After a 54-28 regular season tucked away in Mountain Standard Time and a first round of the playoffs relegated mostly to NBA TV, the Denver Nuggets advanced to the second round with Saturday’s 90-86 win over the San Antonio Spurs in Game 7.

There, the Nuggets and their uniquely talented Serbian big man, whom most fans who don’t live adjacent to the Rocky Mountains have only heard about, will demand the attention of NBA fans nationwide.

Big Spurs rally, bizarre ending

Saturday’s win didn’t come easy.

It required Denver to fend off a San Antonio rally from a 17-point deficit. And it included one of the more bizarre sequences to end a game in recent memory.

Nikola Jokic is ready for his coming out party. (Getty)
Nikola Jokic is ready for his coming-out party. (Getty)

Nuggets in control until game’s final minutes

The Nuggets controlled Game 7 early, opening a 23-13 first-quarter lead that saw the Spurs stifled on defense, missing 11 of their first 12 field-goal attempts.

Neither team shot well, with Denver’s lackluster 3-point shooting allowing the Spurs to mount a late rally, cutting the Nuggets’ lead to 88-86 late in the fourth quarter.

Despite shooting just 2-of-20 from 3-point distance, the Nuggets managed to build a 67-50 lead in the third quarter of what felt like a victory party in the Pepsi Center.

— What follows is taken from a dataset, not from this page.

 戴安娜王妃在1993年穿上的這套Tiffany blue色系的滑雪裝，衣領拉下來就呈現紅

But Nikola Jokic and the Nuggets went cold late, allowing the Spurs to close the gap, injecting a jolt of anxiety into a raucous crowd that had spent most of the game convinced that a trip to the second round of the playoffs was in hand.

LaMarcus Aldridge forgets to foul Jokic

The Nuggets held on after a bizarre sequence that saw the Spurs fail to foul in the game’s final seconds, allowing Denver to run out the clock.

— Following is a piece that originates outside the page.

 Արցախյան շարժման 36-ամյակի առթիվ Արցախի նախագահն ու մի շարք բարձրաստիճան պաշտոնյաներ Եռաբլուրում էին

Jamal Murray hit the last bucket of the game, a 14-foot floater off one foot over LaMarcus Aldridge to extend Denver’s lead to four points with 36.8 seconds remaining.

When Torrey Craig blocked DeMar Derozan’s layup at the other end, Jokic secured the rebound with 25.6 seconds left and the Nuggets took their time crossing half court.

Content to run clock, Jokic held on to the ball above the 3-point line once he crossed half-court as Aldridge defended him. But Aldridge didn’t foul, allowing the clock to tick down.

Spurs coach Gregg Popovich walked onto the court and implored Aldridge to foul. But the Pepsi Center was roaring, and Aldridge didn’t notice his head coach’s urging.

Patty Mills, guarding a streaking Murray, also failed to foul Jokic when he brushed by the Nuggets center while chasing his man.

What happened?

Why didn’t Aldridge foul in a situation that demanded a play to stop the clock?

“Didn’t hear him,” Aldridge said of Popovich. “Crowd was loud. I missed it. That’s it.”

Asked if he knew how much time was left, Aldridge didn’t expound much.

“Yeah, I just didn’t foul, and that was it,” he said. “I should have. I didn’t. There’s nothing else to say about it.”

Popovich, in typical Popovich fashion, didn’t have a lot to say about the game’s final seconds.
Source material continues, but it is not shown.